▶ _WHAT YOU NEED TO DO_
Nothing in the data may be changed; retype all of it.

▽

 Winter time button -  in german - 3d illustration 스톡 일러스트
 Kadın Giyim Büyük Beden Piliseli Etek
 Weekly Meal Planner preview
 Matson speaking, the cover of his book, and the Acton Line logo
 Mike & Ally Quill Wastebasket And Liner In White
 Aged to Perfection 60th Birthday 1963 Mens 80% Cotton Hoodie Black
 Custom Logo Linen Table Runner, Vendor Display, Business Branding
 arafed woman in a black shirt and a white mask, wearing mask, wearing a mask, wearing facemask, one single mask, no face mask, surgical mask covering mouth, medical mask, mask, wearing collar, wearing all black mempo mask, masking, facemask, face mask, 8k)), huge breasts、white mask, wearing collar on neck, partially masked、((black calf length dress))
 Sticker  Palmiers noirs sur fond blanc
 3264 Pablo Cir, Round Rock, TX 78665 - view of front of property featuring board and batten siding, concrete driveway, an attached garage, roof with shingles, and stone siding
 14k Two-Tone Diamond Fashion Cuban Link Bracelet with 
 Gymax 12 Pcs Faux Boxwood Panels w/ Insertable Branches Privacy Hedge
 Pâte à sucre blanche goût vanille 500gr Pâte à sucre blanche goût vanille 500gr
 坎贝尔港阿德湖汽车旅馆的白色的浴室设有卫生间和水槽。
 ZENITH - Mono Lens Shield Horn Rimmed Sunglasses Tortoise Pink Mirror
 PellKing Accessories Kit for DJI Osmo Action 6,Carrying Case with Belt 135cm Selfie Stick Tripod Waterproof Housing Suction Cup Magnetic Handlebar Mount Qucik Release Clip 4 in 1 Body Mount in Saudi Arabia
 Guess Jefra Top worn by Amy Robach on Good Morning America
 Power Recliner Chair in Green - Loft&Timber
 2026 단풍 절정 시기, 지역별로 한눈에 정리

△

▶ _RESPONSE_
 Winter time button -  in german - 3d illustration 스톡 일러스트
 Kadın Giyim Büyük Beden Piliseli Etek
 Weekly Meal Planner preview
 Matson speaking, the cover of his book, and the Acton Line logo
 Mike & Ally Quill Wastebasket And Liner In White
 Aged to Perfection 60th Birthday 1963 Mens 80% Cotton Hoodie Black
 Custom Logo Linen Table Runner, Vendor Display, Business Branding
 arafed woman in a black shirt and a white mask, wearing mask, wearing a mask, wearing facemask, one single mask, no face mask, surgical mask covering mouth, medical mask, mask, wearing collar, wearing all black mempo mask, masking, facemask, face mask, 8k)), huge breasts、white mask, wearing collar on neck, partially masked、((black calf length dress))
 Sticker  Palmiers noirs sur fond blanc
 3264 Pablo Cir, Round Rock, TX 78665 - view of front of property featuring board and batten siding, concrete driveway, an attached garage, roof with shingles, and stone siding
 14k Two-Tone Diamond Fashion Cuban Link Bracelet with 
 Gymax 12 Pcs Faux Boxwood Panels w/ Insertable Branches Privacy Hedge
 Pâte à sucre blanche goût vanille 500gr Pâte à sucre blanche goût vanille 500gr
 坎贝尔港阿德湖汽车旅馆的白色的浴室设有卫生间和水槽。
 ZENITH - Mono Lens Shield Horn Rimmed Sunglasses Tortoise Pink Mirror
 PellKing Accessories Kit for DJI Osmo Action 6,Carrying Case with Belt 135cm Selfie Stick Tripod Waterproof Housing Suction Cup Magnetic Handlebar Mount Qucik Release Clip 4 in 1 Body Mount in Saudi Arabia
 Guess Jefra Top worn by Amy Robach on Good Morning America
 Power Recliner Chair in Green - Loft&Timber
 2026 단풍 절정 시기, 지역별로 한눈에 정리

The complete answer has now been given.